*** Opening of Study material ***

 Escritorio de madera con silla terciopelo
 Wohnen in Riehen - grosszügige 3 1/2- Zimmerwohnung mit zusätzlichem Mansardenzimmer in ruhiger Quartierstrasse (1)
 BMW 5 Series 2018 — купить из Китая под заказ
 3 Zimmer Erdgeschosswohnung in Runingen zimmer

*** Close of Study material ***
*** Opening of Study material ***

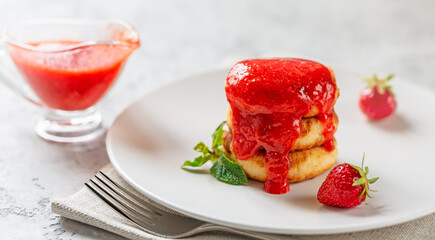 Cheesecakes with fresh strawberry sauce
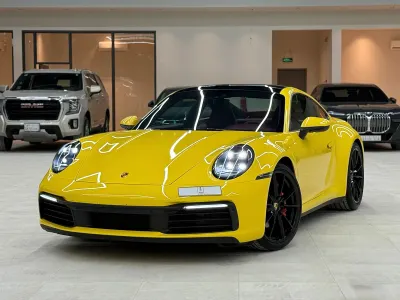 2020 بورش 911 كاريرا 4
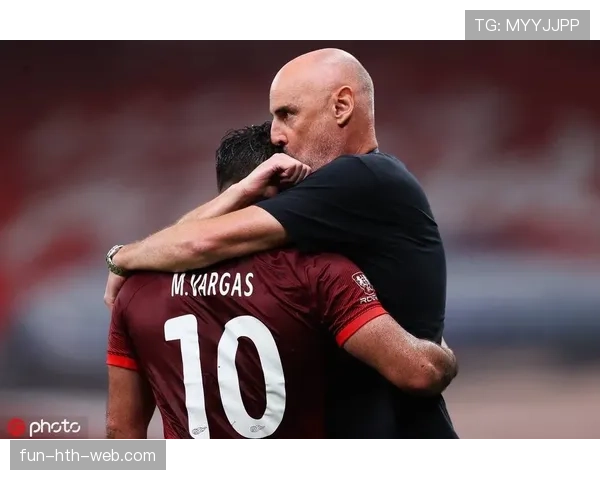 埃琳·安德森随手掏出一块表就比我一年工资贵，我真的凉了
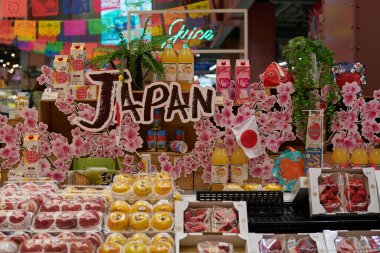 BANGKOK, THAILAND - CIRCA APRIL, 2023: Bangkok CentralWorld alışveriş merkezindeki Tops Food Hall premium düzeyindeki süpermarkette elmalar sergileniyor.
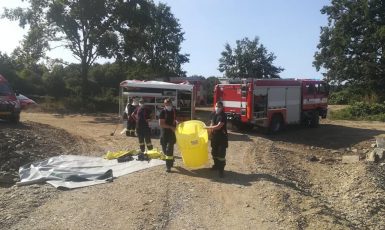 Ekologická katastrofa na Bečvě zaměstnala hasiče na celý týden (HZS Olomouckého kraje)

*** Close of Study material ***
*** Opening of Study material ***

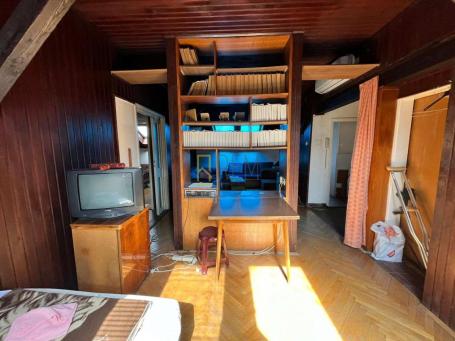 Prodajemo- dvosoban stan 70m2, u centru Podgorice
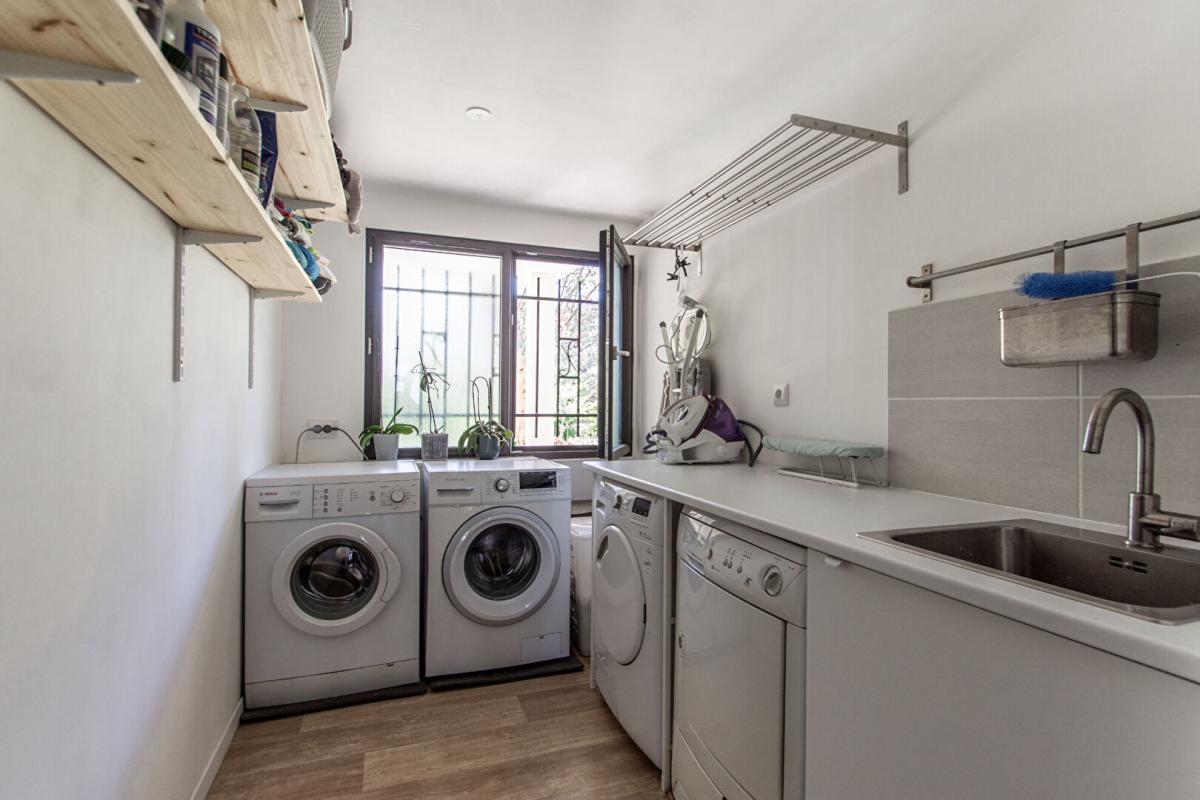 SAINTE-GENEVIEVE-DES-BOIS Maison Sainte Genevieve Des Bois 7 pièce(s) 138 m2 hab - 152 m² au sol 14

*** Close of Study material ***

→ Work to complete:
Go to the line above that has "Cheesecakes with fresh strawberry sauce" and copy exactly from there down to the line that has "BANGKOK, THAILAND - CIRCA", both included. Leave the pictures out.

→ Response below:
 Cheesecakes with fresh strawberry sauce
 2020 بورش 911 كاريرا 4
 埃琳·安德森随手掏出一块表就比我一年工资贵，我真的凉了
 BANGKOK, THAILAND - CIRCA APRIL, 2023: Bangkok CentralWorld alışveriş merkezindeki Tops Food Hall premium düzeyindeki süpermarkette elmalar sergileniyor.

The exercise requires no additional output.